JONESBORO, AR (KAIT) - The Jonesboro Police Department hopes to be able to hire five new officers for a little over the price of one through a grant with the Department of Justice.
The City of Jonesboro may soon be able to apply for the grant through the COPS Hiring Program. It would pay 75% of the salary and benefits for five officers for three years.
The city has applied for the grant in the past, but has never been awarded it.
Jonesboro Police Chief Rick Elliott said if they get the grant, the city could pay their portion of it by amending the budget or by using money that wasn't used for one reason or another the previous year.
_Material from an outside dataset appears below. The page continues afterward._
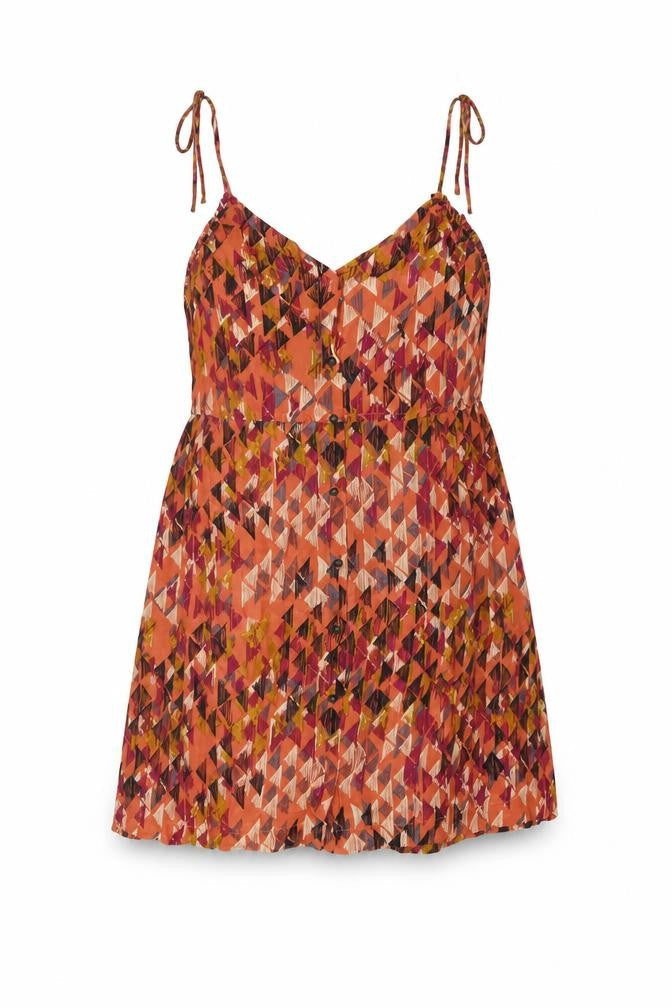 Ecote Womens Multicoloured Geometric Silk Mini Size M Sweetheart Button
"There's times like this past year we had money for officer's salaries that we didn't expend, so that would also cover an instance like that," Chief Elliott said. "But hopefully we're not in a point like that where we have a large deficit of officers at this point."
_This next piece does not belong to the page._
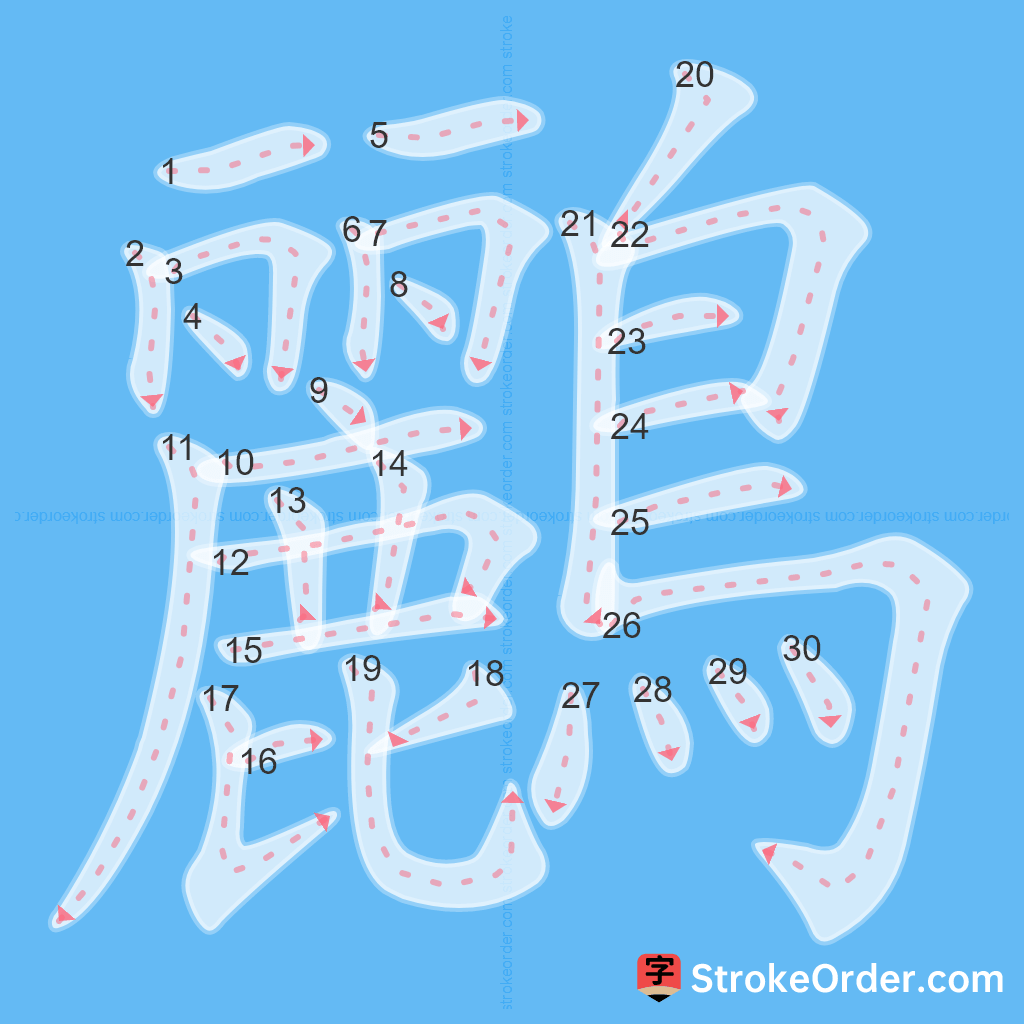 Standard stroke order for the Chinese character 鸝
Chief said right now, the department is four officers short. The latest group of new hires is currently in training and will graduate from academy next month.
He said they should know if they're awarded the grant by this fall.
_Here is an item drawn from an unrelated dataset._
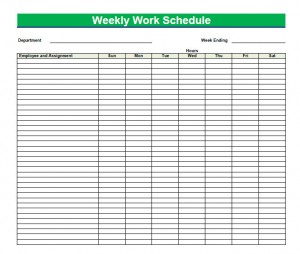 Printable Blank PDF Weekly Schedules | Blank PDF Weekly Schedule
The JPD also hopes to obtain a grant from the Department of Justice to purchase a software and hardware system to enhance investigations.
Tuesday, the Jonesboro Finance and Administration Council Committee will consider a resolution to apply for the grant.
The $31,353 grant would go toward the purchase of the iVe, or Infotainment and Vehicle System Forensic Toolkit.
iVe would allow accident reconstructionists to extract data from 4,600 vehicle models.
According to the grant application, the toolkit would allow forensic examiners and traffic investigators to "quickly extrapolate and analyze vehicle data."
Information like recent destinations, favorite locations, call logs, contact lists, SMS messages, emails, pictures, videos, social media feeds, vehicle location when Bluetooth devices were connected and vehicle navigation history would be available through the program.
"All this information can be pertinent to a criminal investigation," the application states. "In traffic accident investigations, many vehicle systems record information that includes when and where vehicle lights are turned on, approximate speed of the vehicle, whether a passenger was present during the accident and when brakes were applied."
Several JPD investigators have been trained in digital forensic examinations.
The department also requested funding to purchase an e-citation system.
The software would reduce routine traffic stop times from seven to eight minutes down to four to five minutes.